WHAT IS BEING ASKED →
Starting at the line that contains "Volkswagen Passat 2015, фото", copy every line to the end of the material below exactly, and omit the pictures.

====================

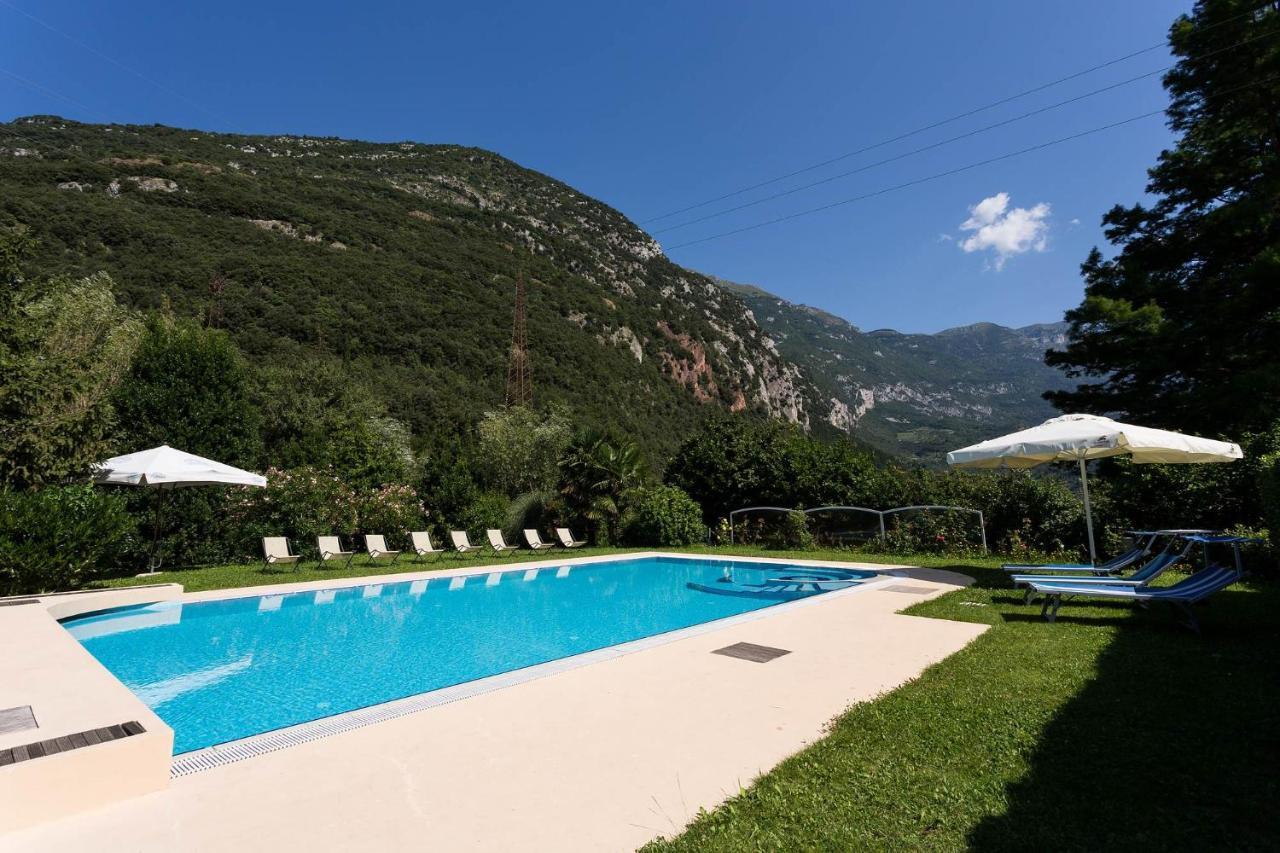 Hotel Due Laghi Padergnone Εξωτερικό φωτογραφία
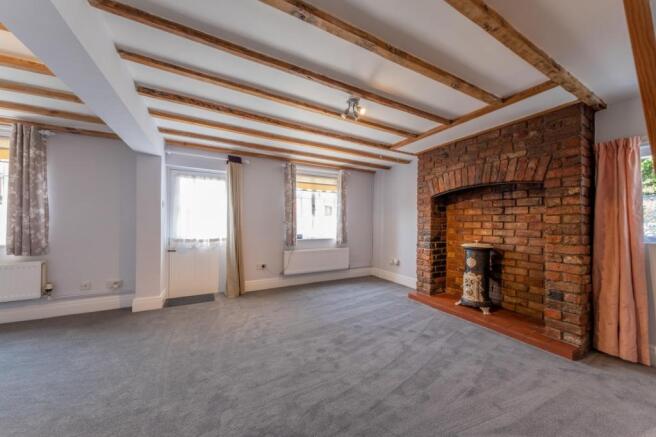 Lounge/Dining Room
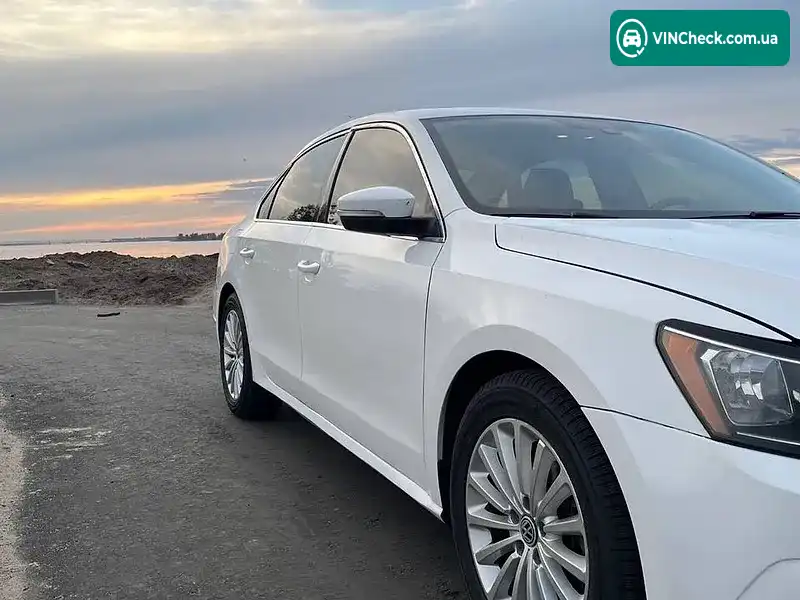 Volkswagen Passat 2015, фото з оголошення 2 з 20, VIN 1VWBT7A35GC011258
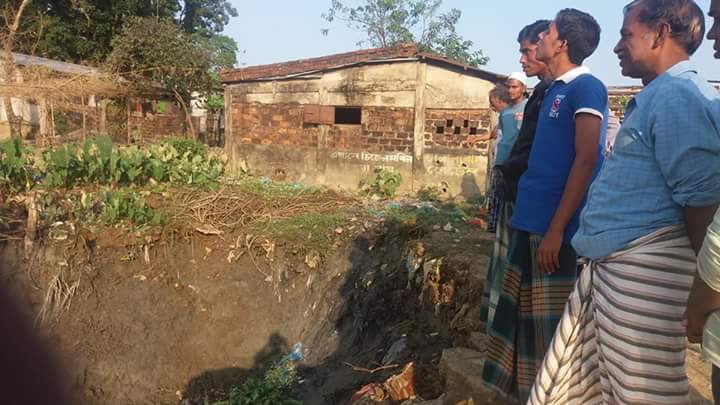 গোলাপগঞ্জের কাঁচাবাজার নদীভাঙ্গনের কবলে, আতংকে ব্যবসায়ীরা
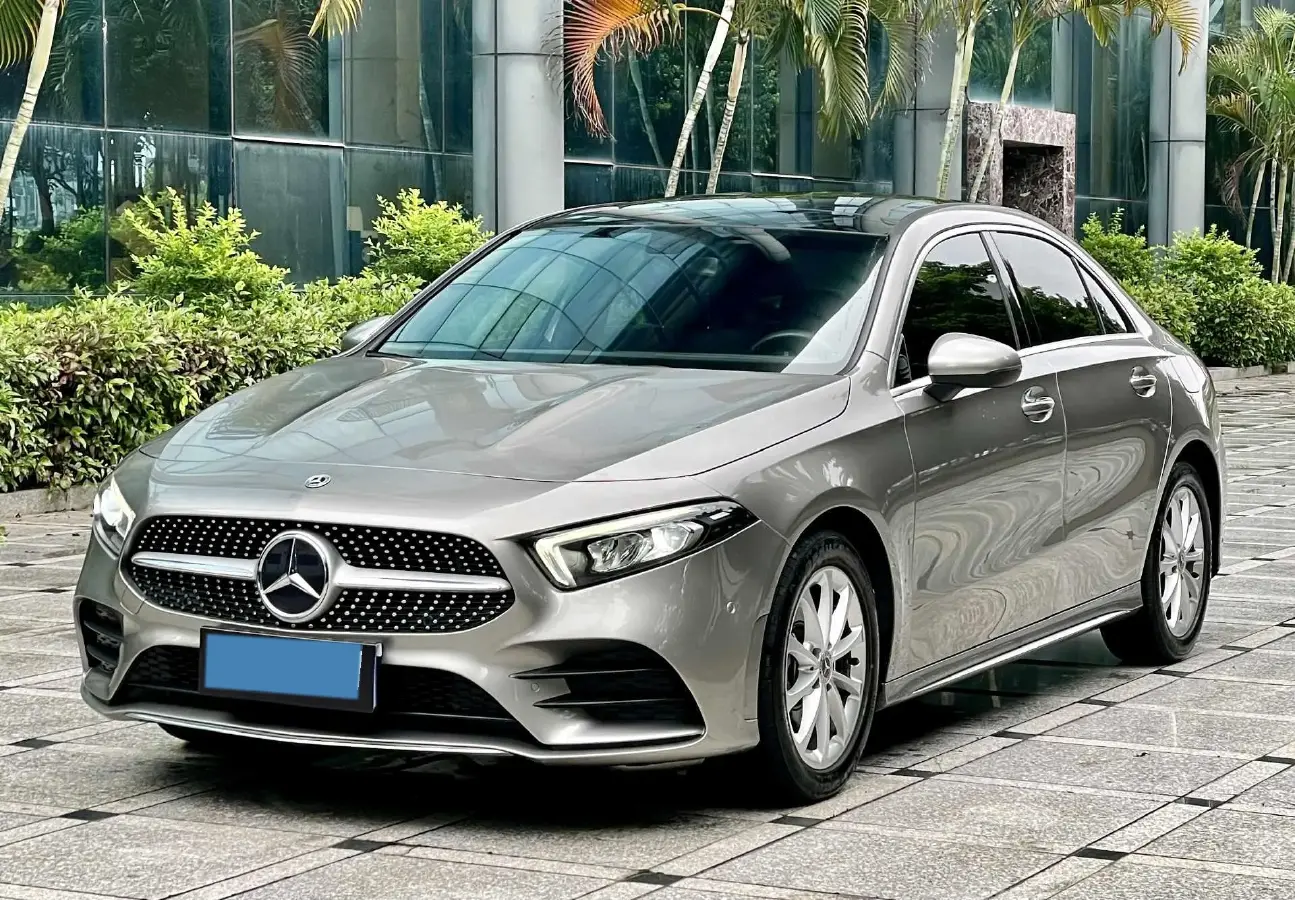 2020 Mercedes-Benz A Class 1.3T 163HP L4 7DCT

====================

COMPLETED TASK →
 Volkswagen Passat 2015, фото з оголошення 2 з 20, VIN 1VWBT7A35GC011258
 গোলাপগঞ্জের কাঁচাবাজার নদীভাঙ্গনের কবলে, আতংকে ব্যবসায়ীরা
 2020 Mercedes-Benz A Class 1.3T 163HP L4 7DCT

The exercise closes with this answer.